Я, кажется, возразил что-то в защиту Тургенева. Утин толкнул меня ногой под столом. Гончаров оживился и стал сравнивать разные места из своих сочинений и сочинений Тургенева. Сходства было мало[223].

— Между прочим я узнал, что Тургенев, разобиженный за то, что я укорял его в плагиате, ставит мне в вину мое цензорство[224]. Но ведь и Майков — цензор, и Полонский — цензор![225]

— В иностранной цензуре служат, — пояснил мне Утин.

— Ну, да, в иностранной — в цензуре! Не все ли равно! — вскричал Гончаров. — Правда, что они ничего не делают, а я день и ночь работал. Правда, что я служил в общей цензуре. И знаете, чем я стяжал себе реномэ сурового цензора? Борьбою с глупостью. Умных авторов я пропускал без спора, но дуракам при мне дорога в литературу была закрыта. Я опускал шлагбаум и — проваливай назад. Да, я сам против цензуры, я не сторонник произвола, я — литератор pur sang[226]. Но надо беречь литературу от вторжения глупости.
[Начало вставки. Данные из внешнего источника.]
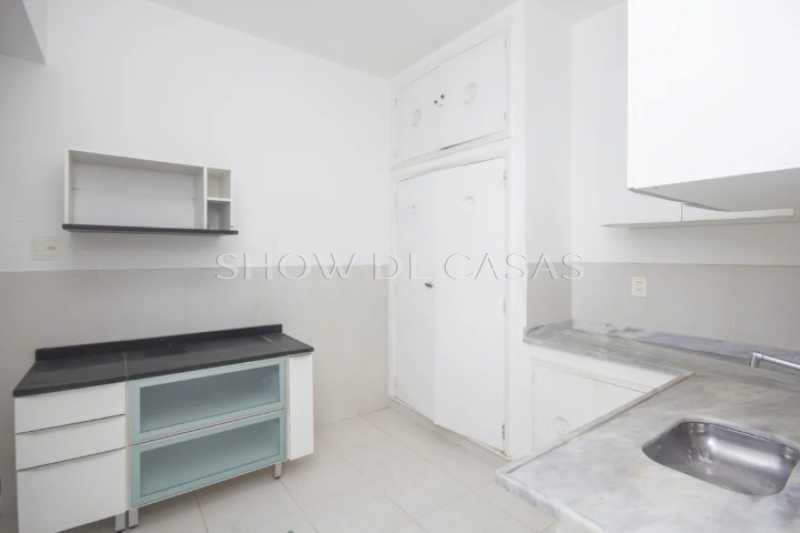 Apartamento à venda com 3 quartos, 140m² - Foto 18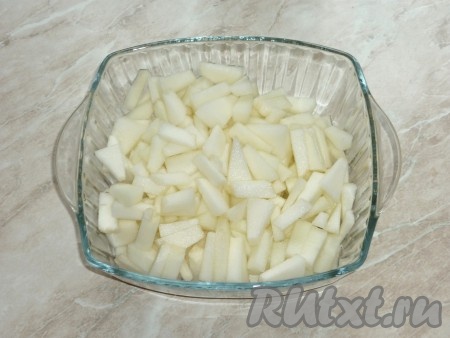 С дыни срезать кожицу и нарезать мякоть небольшими кусочками.&nbsp;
Ни один редактор не пропустит в журнал глупую повесть или статью. А почему же литература должна быть в этом отношении свободна?

— А где же набрать Гончаровых, много ли их? — опросил я.

Глаза Утина, похожие на две черные крупные вишни, засмеялись.

Гончаров вскочил с места.

— Это уж другой вопрос, господа. Это уж ad hominem[227], а не принципиально!

Беседа была прервана средних лет человеком, низко поклонившимся Гончарову еще у дверей.

— Имею честь наименоваться — художник Наумов[228].